C’est à la fin de ce même automne que l’on me mit à l’école. D’abord, je m’étais fait un monstre de cette idée d’aller en classe, de voir de nouvelles figures, de faire connaissance avec une foule de petites filles dont ma sauvagerie n’espérait rien de bon. Cependant, dès le premier jour, je fus conquise par la douceur enjouée de la religieuse à laquelle on me confia, par la gaîté vivante et bruyante de notre classe où l’aînée des élèves avait huit ans et, la plus jeune, à peine cinq. On y jouait bien plus souvent qu’on n’y apprenait l’alphabet. Aussi, je n’étais pas d’une semaine en demi-pension chez les Sœurs de la Miséricorde, que ce couvent devenait mon univers : Wantje m’y menait le matin, à huit heures ; j’y restais jusqu’après le souper et, bientôt, seules, me semblèrent lentes et vides les journées de vacance passées rue Marcq.

En ce temps-là, ma sensibilité native, — développée par le milieu ambiant, la religion, présentée sous une forme si attrayante aux fillettes de la classe élémentaire, toute sonore de musique sacrée, de la récitation fréquente des litanies à la Vierge — ma sensibilité augmenta encore. L’odeur de l’encens montant en spirales bleues sous la voûte azurée de notre chapelle que constellaient d’innombrables étoiles d’or, comme au ciel, où sont Jésus, sainte Marie, sainte Anne, saint Joseph, tous les bienheureux et tous les apôtres, me faisaient penser à un pays d’enchantements, peuplé d’êtres d’une bonté adorable, et mon imagination m’y logeait moi-même toute immatérielle, toute blanche, des ailes dans le dos. Les récits merveilleux de Véronique avaient contribué certainement à cette tendance vers la chimère et il m’arrivait de confondre les anges de nos cantiques et les nains de ses légendes : je les enveloppais, les uns et les autres, dans la même admiration ravie et je les croyais capables de tous les prodiges.

Je vivais dans un monde à moi, peuplé de saints personnages quelque peu fées et où tout ce qui, dans la création, est inerte s’animait, prenait une existence active, douloureuse ou heureuse. Aussi, dans mes rares promenades aux champs, je ne cueillais pas un coquelicot sang lui demander pardon d’avance du mal que j’allais lui faire, et les pommes de mon dessert, au couvent, avaient mal, elles aussi, j’en étais certaine, quand je mordais dedans.

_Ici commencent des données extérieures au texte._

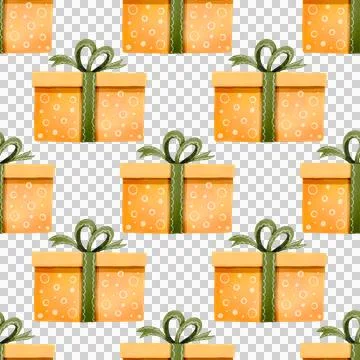 Seamless pattern. Festive orange boxes with a green ribbon. Stock Illustration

Je finis par maudire ces jouissances si remplies d’amertume et je renonçai à blesser les fruits et les fleurs je ne cueillis plus de coquelicots et je ne mangeai plus de pommes.

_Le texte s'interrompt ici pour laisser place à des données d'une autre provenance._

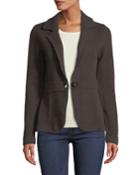 Cashmere One-button Blazer, Brown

Peut-être mon excessive sollicitude pour eux venait-elle de la défense qu’on m’avait toujours faite d’y toucher, chez mes grands-parents ; il y avait là quelque chose de produit par l’habitude, certes ; mais c’était bien plus qu’une habitude contractée par devoir, le sentiment qui me les faisait respecter à ce point. Pour moi, je le répète, fleurs et fruits vivaient, avaient une personnalité sensible, délicate, que froissait cruellement la brutalité des attouchements humains.

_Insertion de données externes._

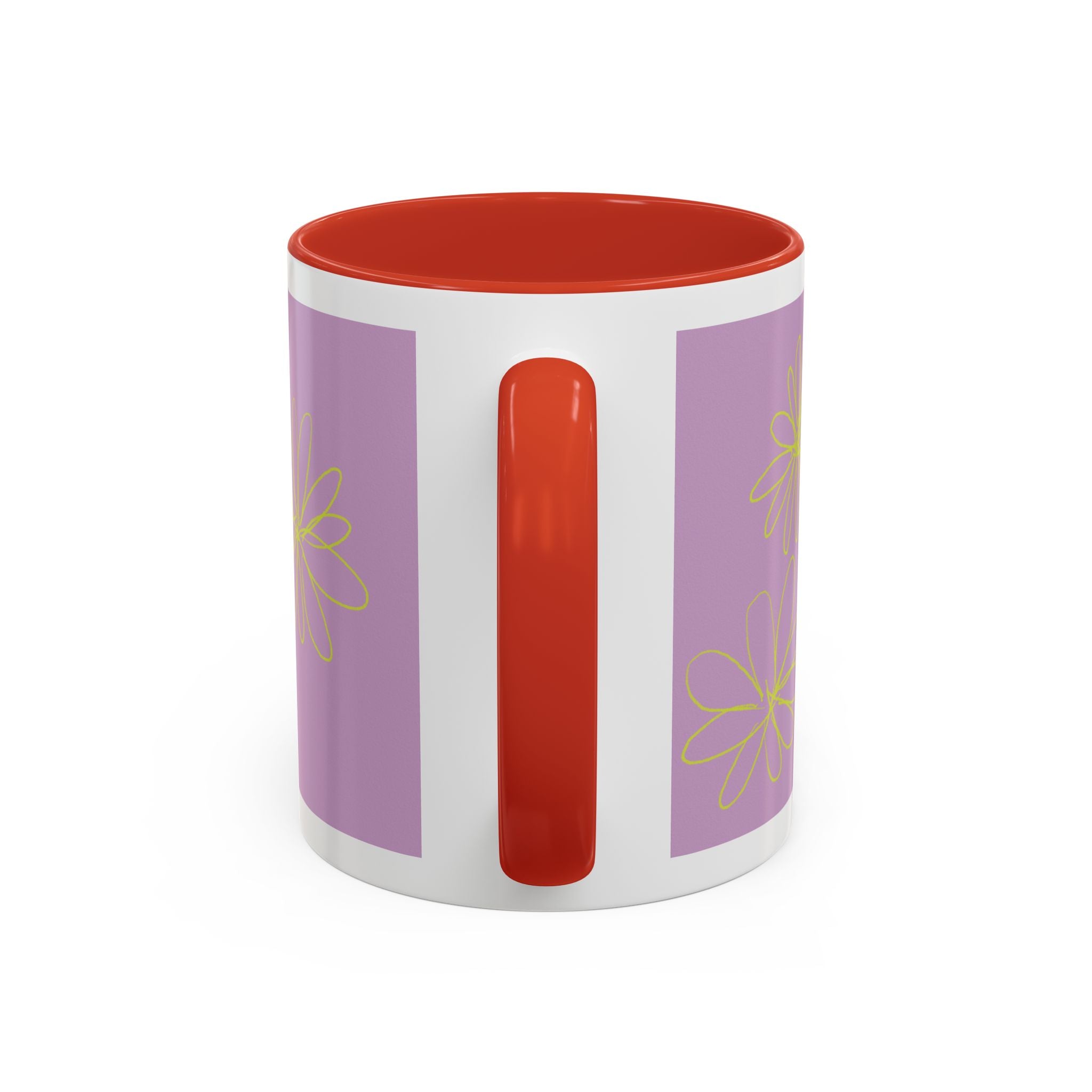 Purple Floral Accent Mug — Dainty Yellow Daisy Coffee Cup (11/15oz)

Et, à mesure que ma personne morale se compliquait ainsi, une sorte de perpétuelle surexcitation nerveuse commençait d’agiter mon être physique je ne pouvais plus supporter l’obscurité et je souffrais beaucoup, le soir, quand Mlle Josine, après m’avoir fait mettre au lit, soufflait la bougie et me laissait dans le noir ; non pas que j’eusse la frayeur des ténèbres, assez générale chez les enfants, mais les ténèbres m’oppressaient, me faisaient souffrir, d’une souffrance physique abominable, et il m’arriva, une nuit, de réclamer de la lumière avec tant d’angoisse, d’un ton si suppliant que ma tante en fut touchée et, dès lors, alluma chaque soir une veilleuse dans notre chambre. On ne l’éteignait qu’au matin.

De cette veilleuse à mes yeux entr’ouverts venaient de longs rayons en faisceaux, qui commençaient mes rêves à l’heure du coucher, qui les prolongeaient délicieusement à l’heure du réveil, en me laissant croire, un bon moment, à la réalité de leurs fantasmagories.